Load in the 2D average images as in this example
Calculate the threshold using np.percentile.
- You would most likely want to do this using a concatenated numpy array of all of the images, so that your percentile is selected across the entire range of 2D class averages.
Set pixels below the threshold to zero, e.g., image[image < threshold] = 0
- Optional: Consider whether you might want to use the convex hull of the pixels above your threshold? Not sure myself, whether or not this makes sense probably depends on particle topology and class average resolution?
Sum pixel values using np.sum()
Find class indices which have your desired total intensity
Filter the input particles by class membership (or maybe using a similar procedure to Class Probability Filter) using, e.g., particles.query({"alignments2D/class": list_of_good_classes}) and export using project.save_external_result()

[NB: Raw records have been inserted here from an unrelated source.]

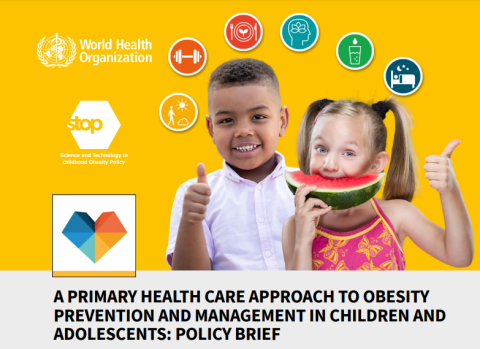 Primary Health Care Obesity Prevention/Mgt Children & Adolescents policy brief-cover
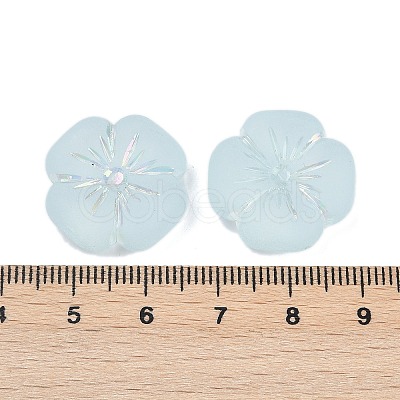 Frosted Transparent Acrylic Beads LS-OACR-P029-19B-06-1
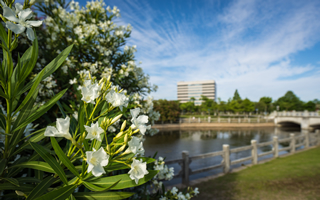 5bfe97e4-1e4b-498b-bf9c-066aed20ff16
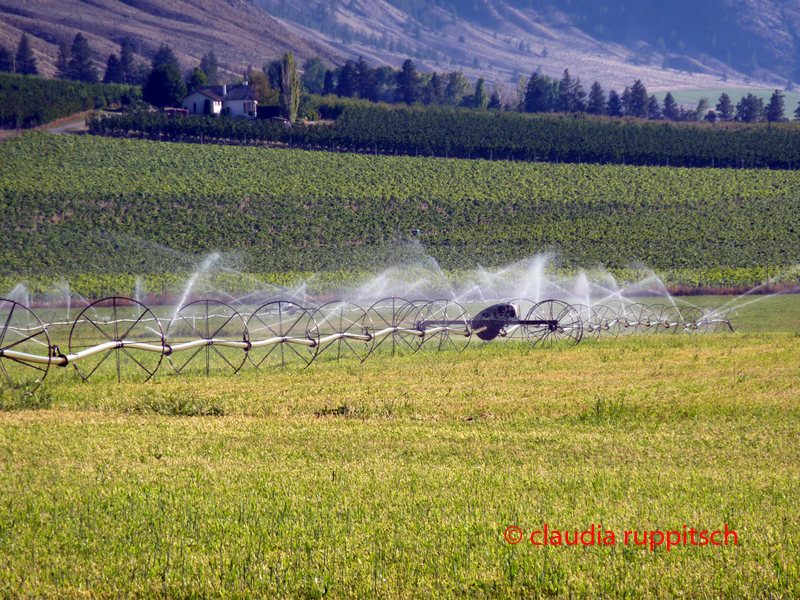 Bewässerungssystem im Similkameen Valley, Kanada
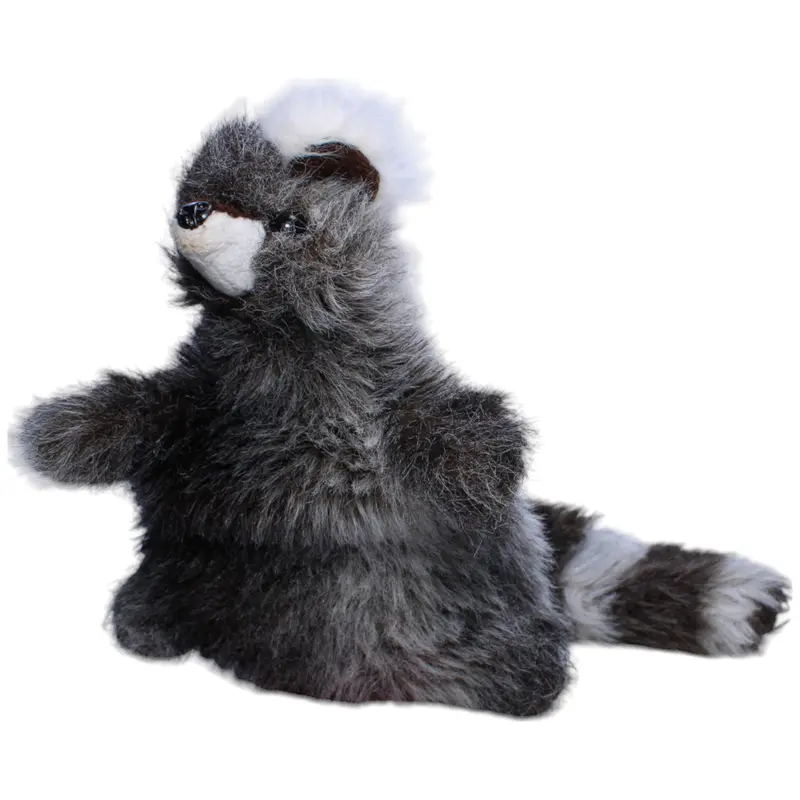 Waschbär
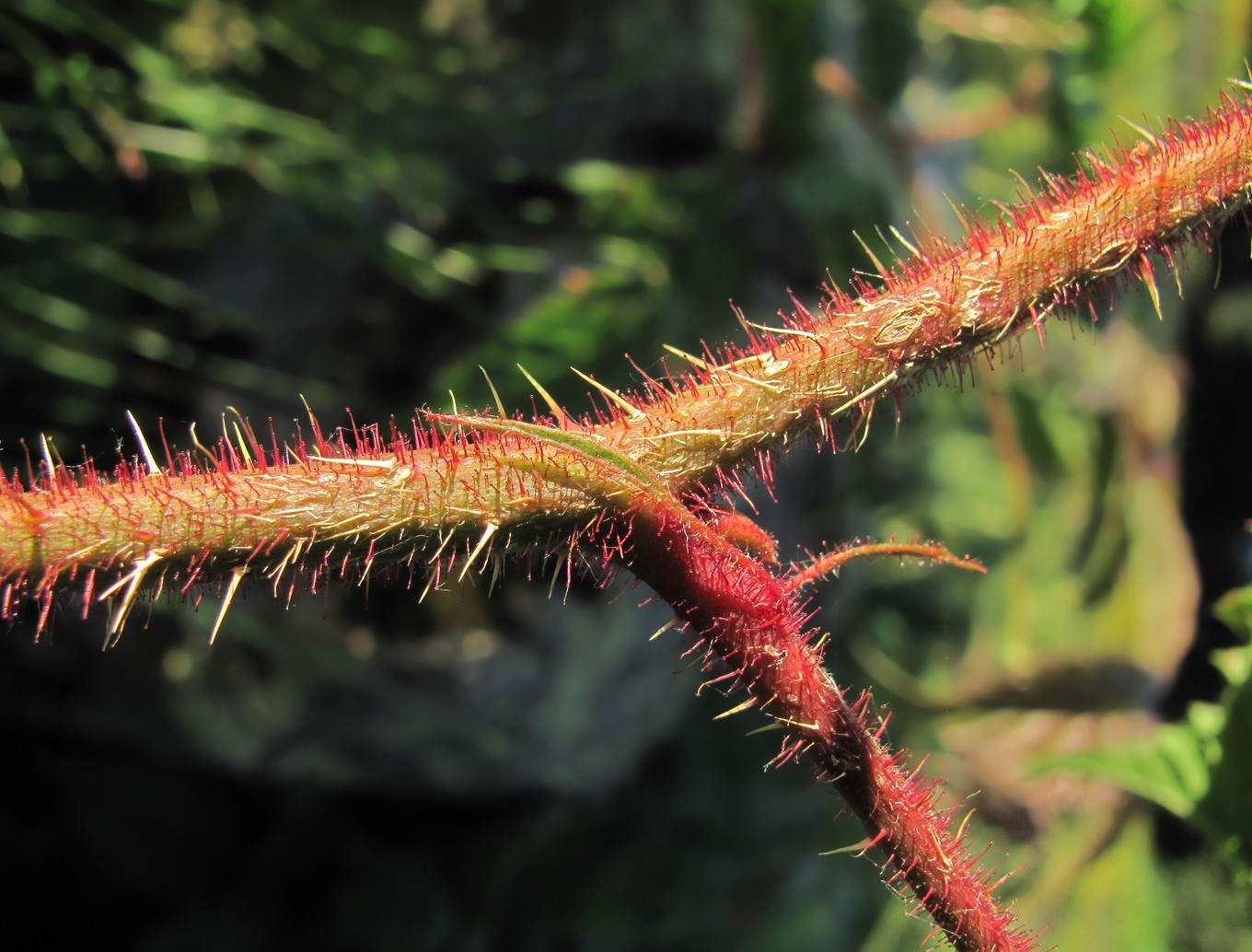 Image of Rubus hirtus specimen.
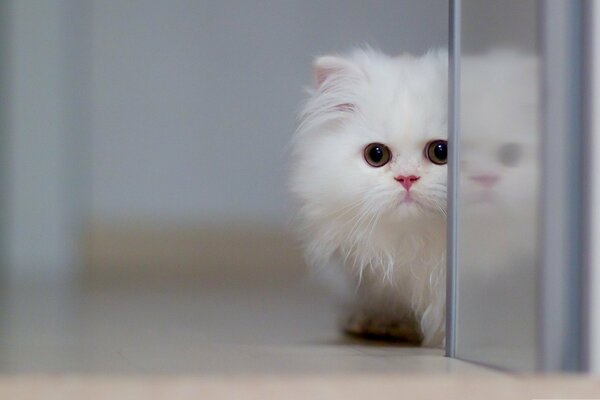 Chaton blanc furtivement derrière la porte en verre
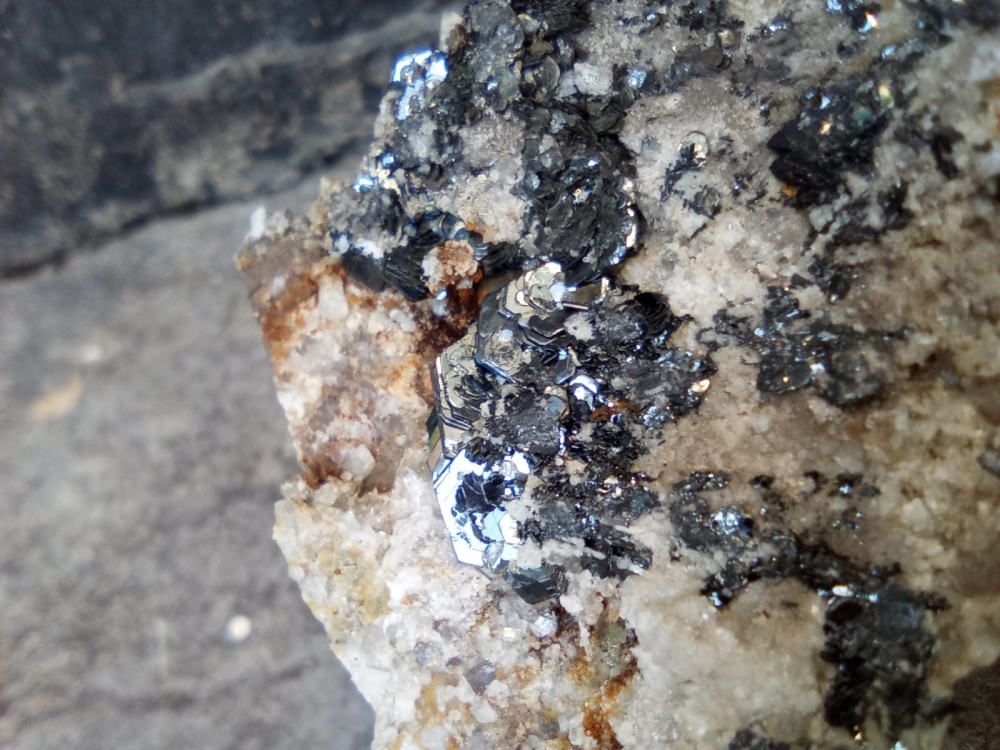 WhatsApp Image 2022-09-18 at 19.07.18.jpeg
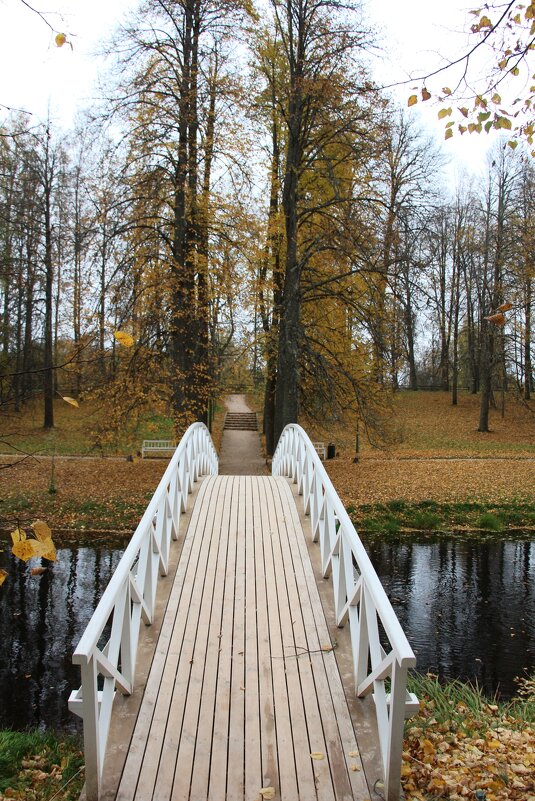 Воспоминание о Пушкинских горах - Наталья Герасимова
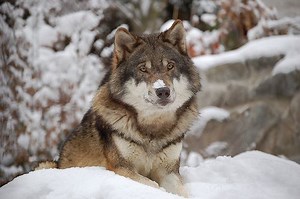 Northern Rocky Mountain wolf - Alchetron, the free social encyclopedia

A few notes you’ve likely already considered yourself:

2D Class averages are not re-normalized — they are straightforward averages of their component particles, so you most likely can compare intensity across 2D class averages
Datasets have different greyscales so the relative intensity is most likely not comparable across datasets
Depending on your choice of threshold, it’s possible that different views of the same particle will have different integrated intensities. For example, if you set a threshold which excludes pixels below the 5th percentile, a side view of an oblong target might lose a few pixels on the edges if they’re faint. These particles might be included in the view along the major axis, since they’d be brighter in that orientation.

olibclarke · June 10, 2024, 9:10pm

Thanks Rich - I have a good test case for this, will try to mock something up and give it a go! Will the background intensity (below the threshold) vary with ice thickness? Or is that already normalized to go to zero at the edge?

rposert · June 10, 2024, 10:05pm

Ah, are you you saying it may not always be wise to replace the pixels below the threshold with 0? That’s a good point!

Sorry to think out loud here, but I think we’re somewhat in uncharted territory so I’d like to show my work. The summary is I still think I’d use 0, but it may actually be good to try not thresholding at all as well.

In 2D class averages, I typically observe the following structure (ignoring the zeros from the circular mask)

Positive values where the particle is
Negative values just next to the particle (I’d guess due to exclusion of neighboring particles, on average)
varying positive values near the edge of the circular mask (likely due to neighboring particles)

So it might make sense to “float” everything such that 0 is the minimum. However, in general the minimum value is quite small compared to the maximum:

(the spike is class 32, which is obviously bad)

On the other hand, you’d probably want to apply the same shift to all images so that you could still directly compare them. Moreover, you’re probably going to select a threshold such that all of these edge effects are excluded, which means they and everything below them (which would include the originally-negative pixels) will be set to the same value anyway. So I think I’d still pick a value of 0 for the thresholded pixels.

However, while thinking through this, I realized something that might present some difficulty here: a good class average integrated in this way will most likely end up with a higher value than a class average with a similar proportion of good particles, but poorer alignments, due to thresholding.

When you exclude low-value pixels, you may be excluding blurred out domains or misaligned particles in addition to excluding noise. So it may be best to try including all pixels, perhaps with a slightly tighter circular mask of zeros.